▶ WHAT NEEDS TO BE DONE
Return the lines of the data below, from the one containing "mallard ducks eating" through the very last, exactly and with both ends included; no pictures.

▶ COLLECTED DATA
* * * * * * * * *
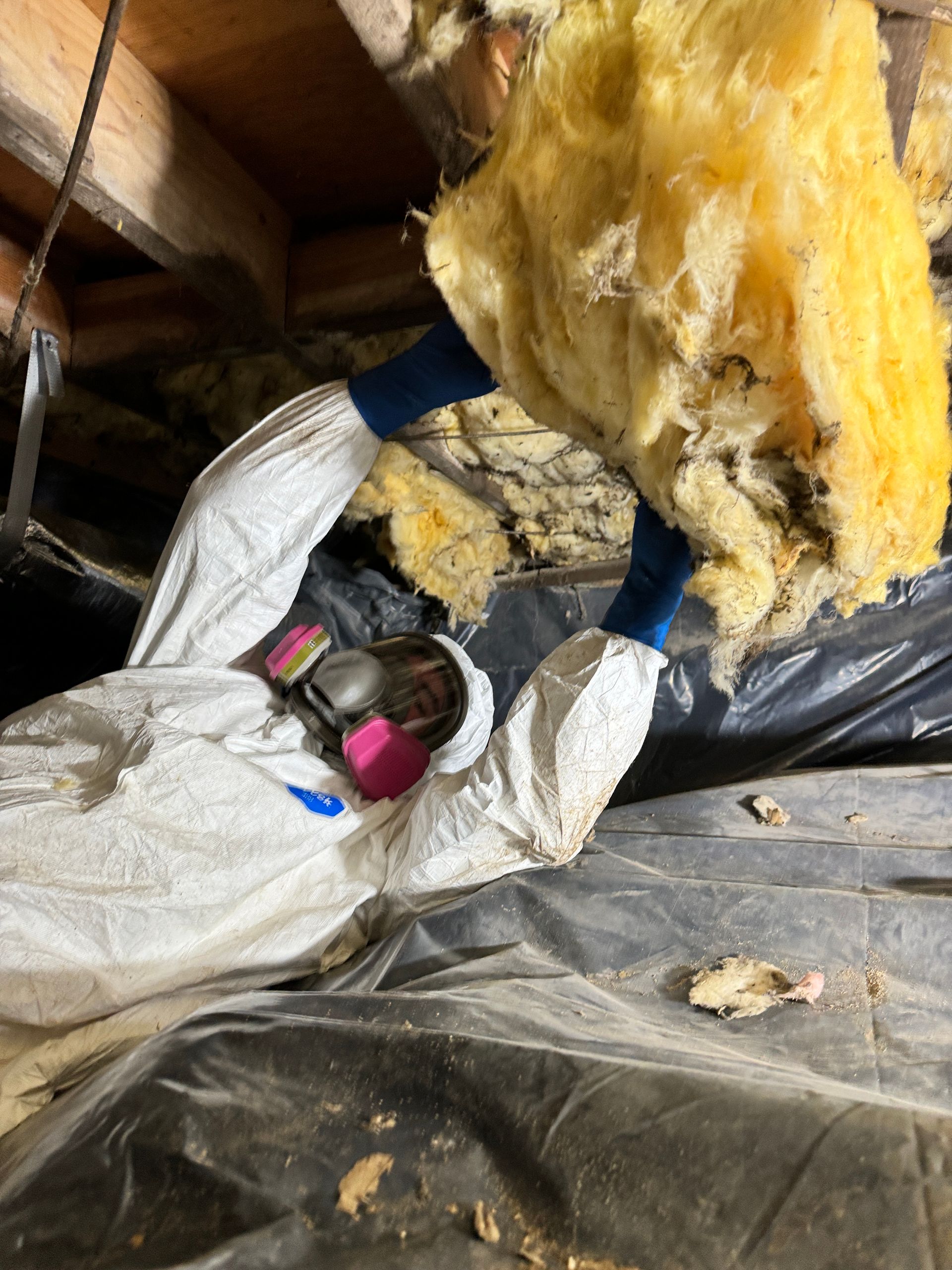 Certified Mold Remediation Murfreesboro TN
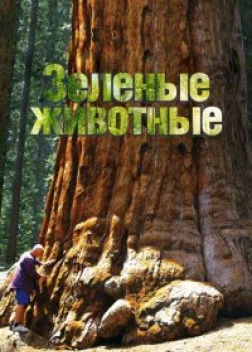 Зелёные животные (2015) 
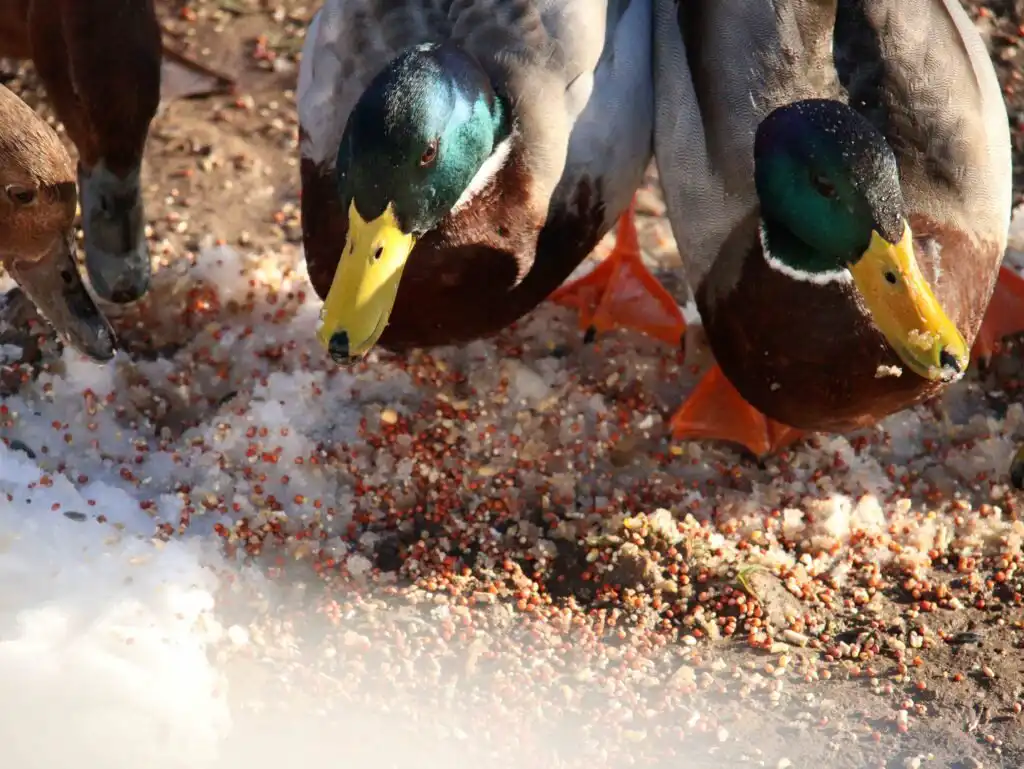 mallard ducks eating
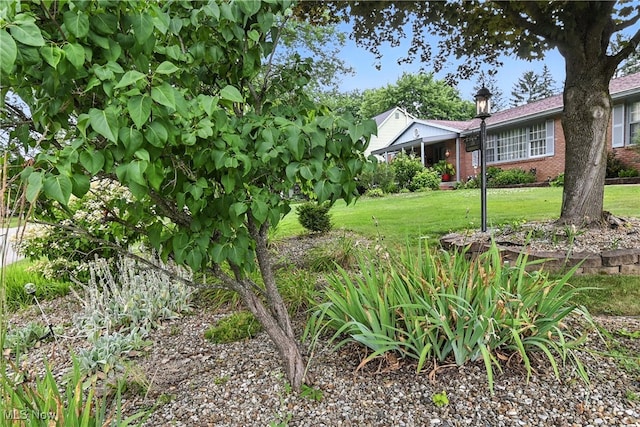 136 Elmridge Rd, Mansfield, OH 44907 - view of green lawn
* * * * * * * * *
▶ RESULT BELOW
 mallard ducks eating
 136 Elmridge Rd, Mansfield, OH 44907 - view of green lawn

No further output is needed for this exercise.